Requirement | Every line in the data below that holds "from" should be found and copied.

Brief descriptive captions |

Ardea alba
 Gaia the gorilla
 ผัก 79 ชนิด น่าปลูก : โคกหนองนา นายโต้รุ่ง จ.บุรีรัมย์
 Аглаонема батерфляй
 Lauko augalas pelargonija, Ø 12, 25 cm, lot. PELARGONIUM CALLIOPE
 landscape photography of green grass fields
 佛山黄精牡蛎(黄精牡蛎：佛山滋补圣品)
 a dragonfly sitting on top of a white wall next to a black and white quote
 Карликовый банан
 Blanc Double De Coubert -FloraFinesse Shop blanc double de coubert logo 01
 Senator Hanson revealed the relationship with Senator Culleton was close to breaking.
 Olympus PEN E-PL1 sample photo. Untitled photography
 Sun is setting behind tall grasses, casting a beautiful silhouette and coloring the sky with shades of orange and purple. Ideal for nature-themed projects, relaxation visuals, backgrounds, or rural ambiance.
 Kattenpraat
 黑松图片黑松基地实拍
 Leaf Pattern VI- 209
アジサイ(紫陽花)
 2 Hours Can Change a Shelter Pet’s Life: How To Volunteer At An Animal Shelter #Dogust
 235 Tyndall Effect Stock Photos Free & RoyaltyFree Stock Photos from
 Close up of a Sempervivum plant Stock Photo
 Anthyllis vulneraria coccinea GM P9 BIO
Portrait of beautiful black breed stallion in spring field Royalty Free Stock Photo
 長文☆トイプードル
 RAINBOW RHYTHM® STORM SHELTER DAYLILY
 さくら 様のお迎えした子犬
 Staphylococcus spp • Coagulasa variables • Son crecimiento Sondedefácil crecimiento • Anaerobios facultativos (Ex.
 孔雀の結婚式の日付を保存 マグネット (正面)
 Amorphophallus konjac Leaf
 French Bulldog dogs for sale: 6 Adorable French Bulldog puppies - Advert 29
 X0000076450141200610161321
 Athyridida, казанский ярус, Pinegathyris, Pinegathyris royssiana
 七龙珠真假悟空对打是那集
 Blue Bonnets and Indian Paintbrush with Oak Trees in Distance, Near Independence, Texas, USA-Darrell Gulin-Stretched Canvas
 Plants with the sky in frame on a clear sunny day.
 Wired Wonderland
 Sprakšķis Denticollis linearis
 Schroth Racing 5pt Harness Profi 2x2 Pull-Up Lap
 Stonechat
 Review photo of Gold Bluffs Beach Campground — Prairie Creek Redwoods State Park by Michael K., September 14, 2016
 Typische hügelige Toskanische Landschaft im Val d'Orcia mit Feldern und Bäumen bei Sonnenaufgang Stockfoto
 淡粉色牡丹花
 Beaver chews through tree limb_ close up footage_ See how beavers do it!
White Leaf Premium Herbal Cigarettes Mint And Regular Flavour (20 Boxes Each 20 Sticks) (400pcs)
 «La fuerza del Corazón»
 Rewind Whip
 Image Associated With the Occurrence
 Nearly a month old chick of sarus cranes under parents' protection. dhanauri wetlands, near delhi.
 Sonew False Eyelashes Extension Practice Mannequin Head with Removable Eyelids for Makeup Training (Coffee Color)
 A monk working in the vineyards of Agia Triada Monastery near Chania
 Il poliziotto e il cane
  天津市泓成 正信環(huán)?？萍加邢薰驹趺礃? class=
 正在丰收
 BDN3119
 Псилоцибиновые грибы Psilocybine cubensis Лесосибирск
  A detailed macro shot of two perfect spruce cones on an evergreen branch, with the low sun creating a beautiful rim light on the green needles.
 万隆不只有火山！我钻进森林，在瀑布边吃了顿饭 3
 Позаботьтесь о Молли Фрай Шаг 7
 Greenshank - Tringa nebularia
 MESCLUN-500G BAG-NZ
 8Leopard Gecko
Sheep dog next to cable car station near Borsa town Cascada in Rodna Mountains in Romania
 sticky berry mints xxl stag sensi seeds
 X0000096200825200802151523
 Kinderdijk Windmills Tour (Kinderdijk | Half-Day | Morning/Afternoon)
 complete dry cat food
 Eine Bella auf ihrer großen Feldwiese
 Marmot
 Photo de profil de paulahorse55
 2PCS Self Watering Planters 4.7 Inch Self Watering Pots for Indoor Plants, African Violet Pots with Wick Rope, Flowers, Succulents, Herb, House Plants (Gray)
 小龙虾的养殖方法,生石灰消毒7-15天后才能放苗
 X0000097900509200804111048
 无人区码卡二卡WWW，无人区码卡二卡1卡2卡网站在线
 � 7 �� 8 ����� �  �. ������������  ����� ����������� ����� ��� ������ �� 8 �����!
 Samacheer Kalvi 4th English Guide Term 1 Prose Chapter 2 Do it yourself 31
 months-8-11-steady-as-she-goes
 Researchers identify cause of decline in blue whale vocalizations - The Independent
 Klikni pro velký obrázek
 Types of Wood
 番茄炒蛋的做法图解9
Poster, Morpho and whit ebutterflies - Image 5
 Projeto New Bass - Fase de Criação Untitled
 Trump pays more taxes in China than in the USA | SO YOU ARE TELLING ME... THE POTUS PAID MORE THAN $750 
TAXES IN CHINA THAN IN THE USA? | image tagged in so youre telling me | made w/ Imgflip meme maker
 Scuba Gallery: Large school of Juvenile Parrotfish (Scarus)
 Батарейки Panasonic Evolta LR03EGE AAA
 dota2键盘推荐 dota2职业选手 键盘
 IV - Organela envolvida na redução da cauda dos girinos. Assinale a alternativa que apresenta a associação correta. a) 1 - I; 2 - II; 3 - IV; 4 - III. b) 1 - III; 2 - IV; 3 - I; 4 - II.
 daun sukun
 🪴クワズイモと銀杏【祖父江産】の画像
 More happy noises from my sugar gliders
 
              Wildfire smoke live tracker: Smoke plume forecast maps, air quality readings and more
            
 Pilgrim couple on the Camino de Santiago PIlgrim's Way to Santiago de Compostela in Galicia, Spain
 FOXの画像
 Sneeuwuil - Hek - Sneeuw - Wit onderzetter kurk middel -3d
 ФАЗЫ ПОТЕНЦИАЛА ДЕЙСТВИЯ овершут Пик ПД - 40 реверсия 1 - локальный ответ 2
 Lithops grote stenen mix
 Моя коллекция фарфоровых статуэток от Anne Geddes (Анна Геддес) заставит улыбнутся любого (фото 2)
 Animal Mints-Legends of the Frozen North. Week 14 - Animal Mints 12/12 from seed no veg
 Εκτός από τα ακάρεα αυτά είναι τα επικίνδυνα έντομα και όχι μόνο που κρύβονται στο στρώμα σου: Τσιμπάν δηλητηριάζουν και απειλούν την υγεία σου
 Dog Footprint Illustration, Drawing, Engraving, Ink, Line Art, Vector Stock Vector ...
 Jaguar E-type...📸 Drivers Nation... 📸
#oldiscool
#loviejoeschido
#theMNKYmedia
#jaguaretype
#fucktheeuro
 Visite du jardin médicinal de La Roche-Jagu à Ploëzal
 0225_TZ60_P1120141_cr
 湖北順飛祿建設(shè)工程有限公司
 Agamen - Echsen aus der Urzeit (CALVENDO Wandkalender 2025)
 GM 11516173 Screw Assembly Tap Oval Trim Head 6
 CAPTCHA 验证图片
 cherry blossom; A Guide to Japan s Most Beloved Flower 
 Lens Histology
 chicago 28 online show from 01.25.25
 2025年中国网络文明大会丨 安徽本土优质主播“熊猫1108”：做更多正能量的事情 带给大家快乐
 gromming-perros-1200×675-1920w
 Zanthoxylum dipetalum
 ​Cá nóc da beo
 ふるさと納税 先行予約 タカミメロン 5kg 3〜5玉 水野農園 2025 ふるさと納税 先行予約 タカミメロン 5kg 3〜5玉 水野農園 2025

Exercise answer |
 235 Tyndall Effect Stock Photos Free & RoyaltyFree Stock Photos from
 More happy noises from my sugar gliders
 Animal Mints-Legends of the Frozen North. Week 14 - Animal Mints 12/12 from seed no veg
 chicago 28 online show from 01.25.25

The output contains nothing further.